** Opening Supplied data block **
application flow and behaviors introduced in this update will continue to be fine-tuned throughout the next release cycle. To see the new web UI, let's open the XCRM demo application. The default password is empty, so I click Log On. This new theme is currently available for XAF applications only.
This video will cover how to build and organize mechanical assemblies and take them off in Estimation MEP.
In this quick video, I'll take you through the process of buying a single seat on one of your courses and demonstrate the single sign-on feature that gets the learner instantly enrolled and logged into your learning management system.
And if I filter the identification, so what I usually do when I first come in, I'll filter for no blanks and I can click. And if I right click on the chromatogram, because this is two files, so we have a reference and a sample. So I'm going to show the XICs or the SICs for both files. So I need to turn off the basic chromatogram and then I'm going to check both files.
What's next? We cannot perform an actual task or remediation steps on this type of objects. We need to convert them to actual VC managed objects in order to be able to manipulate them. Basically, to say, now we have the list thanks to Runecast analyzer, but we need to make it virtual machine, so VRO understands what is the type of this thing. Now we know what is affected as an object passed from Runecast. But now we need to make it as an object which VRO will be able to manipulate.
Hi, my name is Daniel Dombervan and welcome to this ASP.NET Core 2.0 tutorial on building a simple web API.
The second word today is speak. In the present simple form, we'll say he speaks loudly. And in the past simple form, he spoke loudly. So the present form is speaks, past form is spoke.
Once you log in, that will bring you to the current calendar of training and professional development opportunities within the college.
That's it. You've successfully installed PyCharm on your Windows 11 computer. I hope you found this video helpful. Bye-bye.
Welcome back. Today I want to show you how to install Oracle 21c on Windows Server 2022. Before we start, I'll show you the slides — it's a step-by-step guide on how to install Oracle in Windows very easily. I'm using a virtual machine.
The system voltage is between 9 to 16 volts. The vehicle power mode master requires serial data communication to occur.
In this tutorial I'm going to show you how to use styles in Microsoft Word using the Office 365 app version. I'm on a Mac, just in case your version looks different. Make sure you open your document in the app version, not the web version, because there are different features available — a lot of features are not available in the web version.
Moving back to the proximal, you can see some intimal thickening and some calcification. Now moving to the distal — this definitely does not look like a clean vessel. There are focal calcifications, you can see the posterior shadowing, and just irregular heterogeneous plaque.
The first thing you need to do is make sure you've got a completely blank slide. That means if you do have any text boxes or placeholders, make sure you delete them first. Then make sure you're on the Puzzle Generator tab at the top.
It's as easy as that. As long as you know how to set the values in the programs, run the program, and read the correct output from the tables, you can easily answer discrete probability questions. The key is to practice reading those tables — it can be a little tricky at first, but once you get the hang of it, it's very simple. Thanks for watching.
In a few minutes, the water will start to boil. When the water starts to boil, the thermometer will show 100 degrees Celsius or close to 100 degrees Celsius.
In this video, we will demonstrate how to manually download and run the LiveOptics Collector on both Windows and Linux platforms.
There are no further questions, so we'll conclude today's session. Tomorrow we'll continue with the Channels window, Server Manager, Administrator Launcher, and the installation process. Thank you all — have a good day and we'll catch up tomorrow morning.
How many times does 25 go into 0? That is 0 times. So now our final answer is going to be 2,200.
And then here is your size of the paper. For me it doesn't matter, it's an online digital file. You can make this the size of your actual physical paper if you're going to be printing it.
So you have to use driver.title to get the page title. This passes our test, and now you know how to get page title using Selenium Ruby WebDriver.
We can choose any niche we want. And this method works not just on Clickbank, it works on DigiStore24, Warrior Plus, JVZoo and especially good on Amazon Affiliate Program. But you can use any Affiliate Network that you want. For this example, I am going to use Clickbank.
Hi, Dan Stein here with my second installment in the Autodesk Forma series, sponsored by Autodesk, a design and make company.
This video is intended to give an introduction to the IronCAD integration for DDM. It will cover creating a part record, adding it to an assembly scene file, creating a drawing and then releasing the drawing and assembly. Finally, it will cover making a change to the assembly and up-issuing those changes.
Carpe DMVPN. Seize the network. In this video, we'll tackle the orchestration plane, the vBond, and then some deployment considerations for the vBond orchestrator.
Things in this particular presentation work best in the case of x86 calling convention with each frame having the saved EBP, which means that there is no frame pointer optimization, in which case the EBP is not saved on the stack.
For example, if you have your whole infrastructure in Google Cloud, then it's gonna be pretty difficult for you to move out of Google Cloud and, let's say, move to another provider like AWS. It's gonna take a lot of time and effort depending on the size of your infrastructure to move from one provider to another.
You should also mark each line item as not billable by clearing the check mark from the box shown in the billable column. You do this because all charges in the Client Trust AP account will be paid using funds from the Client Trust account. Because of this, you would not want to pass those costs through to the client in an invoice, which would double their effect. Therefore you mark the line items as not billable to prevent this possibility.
** Closing Supplied data block **
Assignment: Give the count of lines in the listing where the word "simple" occurs, with no further words.

Task output: 3